Born 14 September 1930, New York, New York

Daughter of Edward L. and Dorothy Fleischman Bernays; married Justin Kaplan, 1954; children: Susanna, Hester, Polly

Born into a prominent family, Anne Bernays was a grandniece of Freud and the younger of two daughters of the founding father of the public relations field. Bernays was raised in the Sherry Netherlands Hotel during the Depression, which, she was told, "was happening to poor people." She attended the Brearley School in New York City, then Wellesley for two years, transferring to Barnard where for the first time, she made friends outside a limited social circle.

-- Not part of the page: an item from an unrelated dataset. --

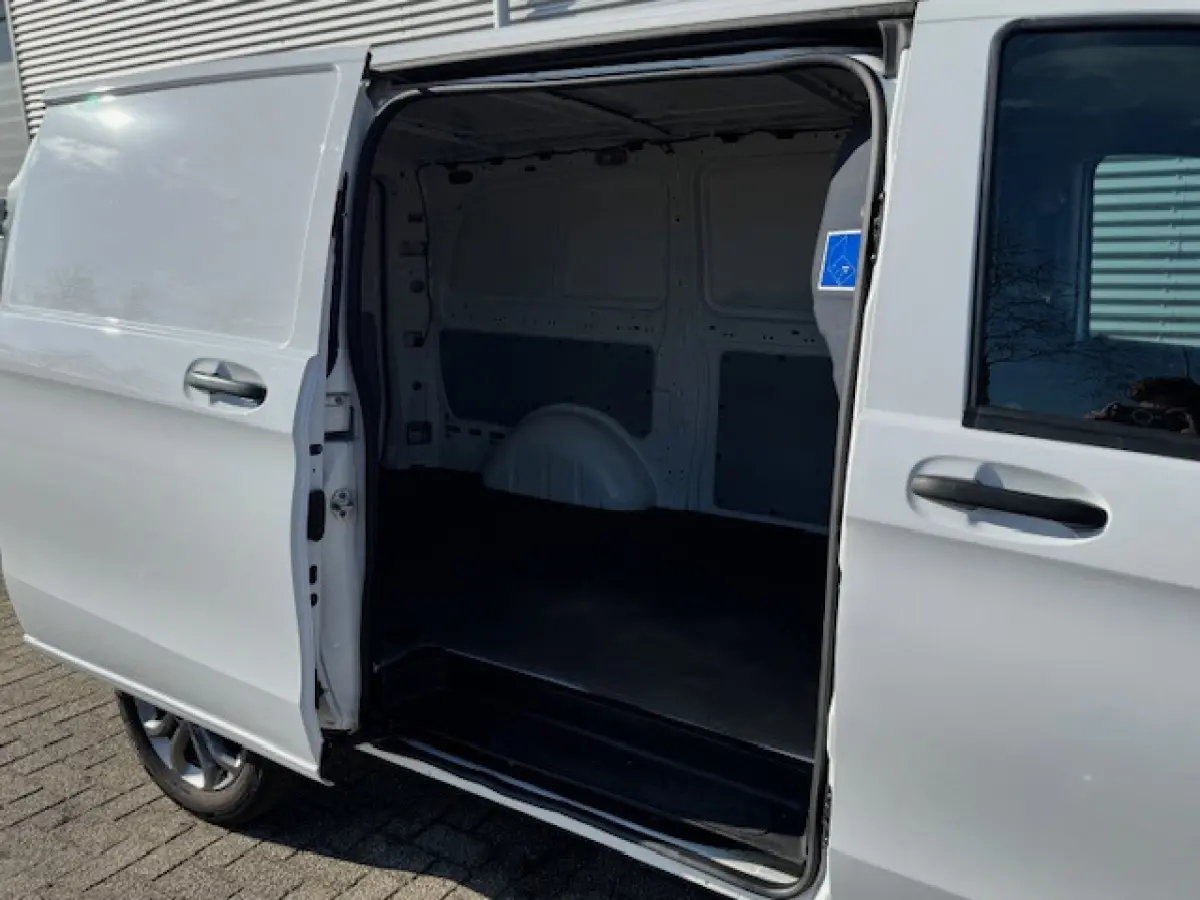 114 CDI Lang,Cruisecontrol,Navigatie,Camera,Lm-velgen, Bluetooth,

In 1953 Bernays worked as an editor of Discovery for Vance Bourjaily. In 1954 she married critic Justin Kaplan and left publishing in 1957 to give birth to the first of her three daughters. The same year, she started writing and completed 10 short stories. In 1959 Bernays moved with her family to Cambridge, Massachusetts, where she has taught fiction workshops, written novels, and worked as a part-time editor for David Godine.

Bernays' first novel, Short Pleasure (1962), tells the story of an heiress who runs away from her wedding but claims she was kidnapped and stuffed into a car trunk. Bernays uses the story, based on a newspaper item, to illustrate the extravagant lengths to which a "poor little rich girl" will go to escape the confines of her family.

One of Bernays' best books, Growing Up Rich (1975), deals again with the need to escape the family—this time, however, without having the characters resort to tales of dramatic kidnapping or to suicide, as in The New York Ride (1965). In Growing Up Rich, Bernays accurately records the characteristics of the rich and the trappings of their wealth. The narrator, another "poor little rich girl," cannot, as Bernays herself could not, make friends in her private school. The pudgy schoolgirl who lacks self-assurance is confused by her divided loyalties—to her natural father, a Christian, and her stepfather, a Jew; to her German parents and her Russian guardians. When disaster strikes, she is sent to live with the same Russian Jews who were formerly held in contempt by her family. In her new home, her makeshift bedroom is a converted porch without heat, and she goes to public, not private school. She becomes a debutante in a new sense of the word as she enters a more public, less private society. Growing Up Rich is written with wit, sophistication, and a sense of pain and poignancy, holding up to ridicule the false values of upper class society.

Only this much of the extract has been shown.